- [What this task involves]: When you restate the data, keep every word as it is and drop the images.

- [Supplied information]:
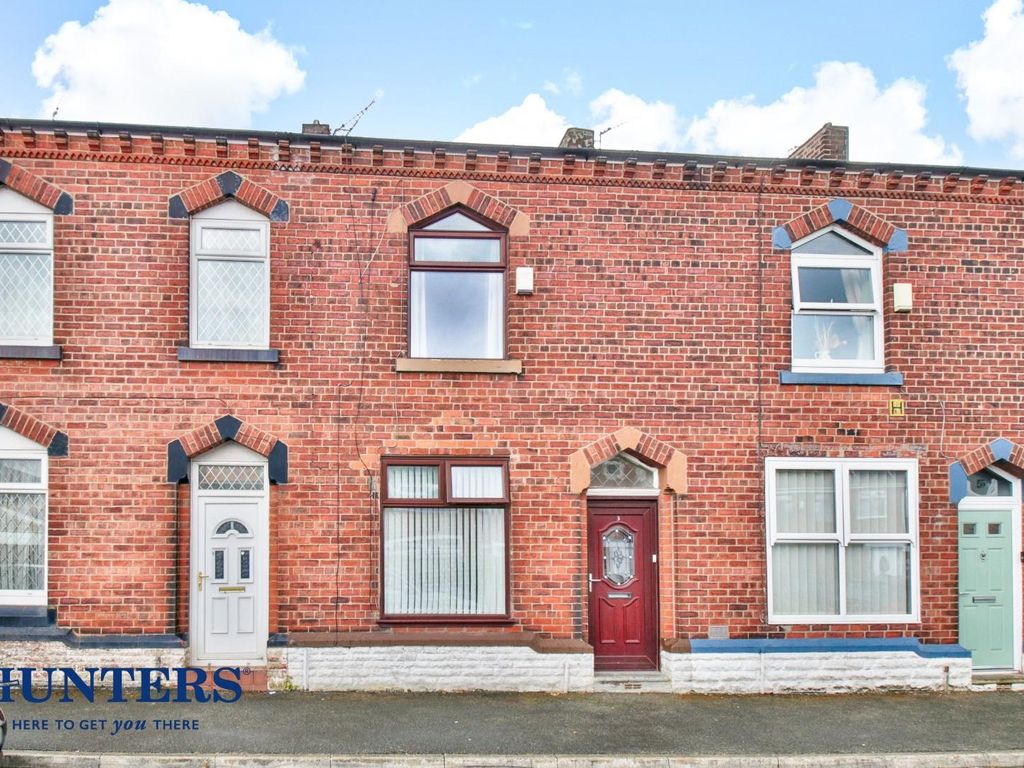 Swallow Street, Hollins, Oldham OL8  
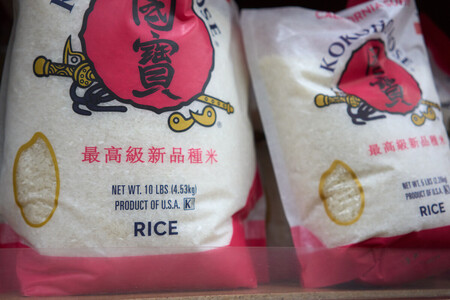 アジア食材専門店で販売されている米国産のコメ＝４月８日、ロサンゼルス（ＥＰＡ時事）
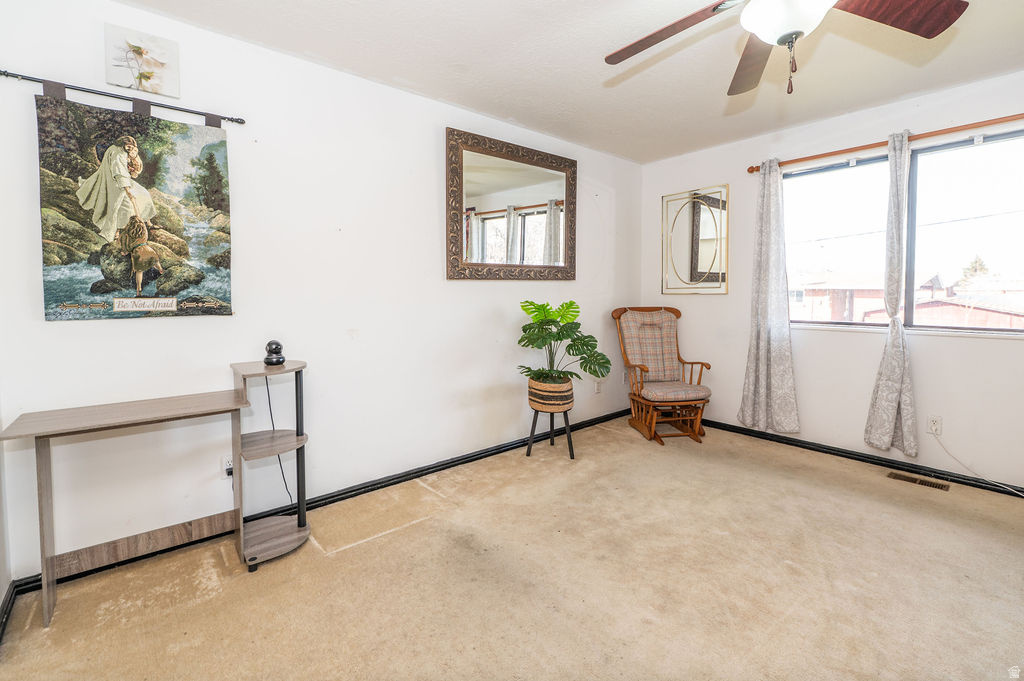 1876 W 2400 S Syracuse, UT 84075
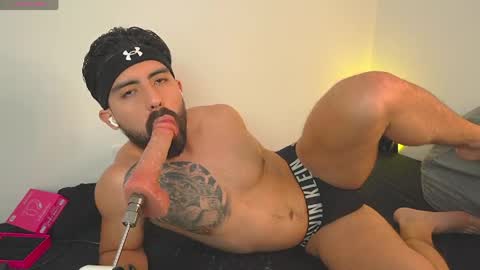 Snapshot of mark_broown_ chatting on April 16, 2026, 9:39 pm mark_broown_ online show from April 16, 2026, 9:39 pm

- [Solution below]:
 Swallow Street, Hollins, Oldham OL8  
 アジア食材専門店で販売されている米国産のコメ＝４月８日、ロサンゼルス（ＥＰＡ時事）
 1876 W 2400 S Syracuse, UT 84075
 Snapshot of mark_broown_ chatting on April 16, 2026, 9:39 pm mark_broown_ online show from April 16, 2026, 9:39 pm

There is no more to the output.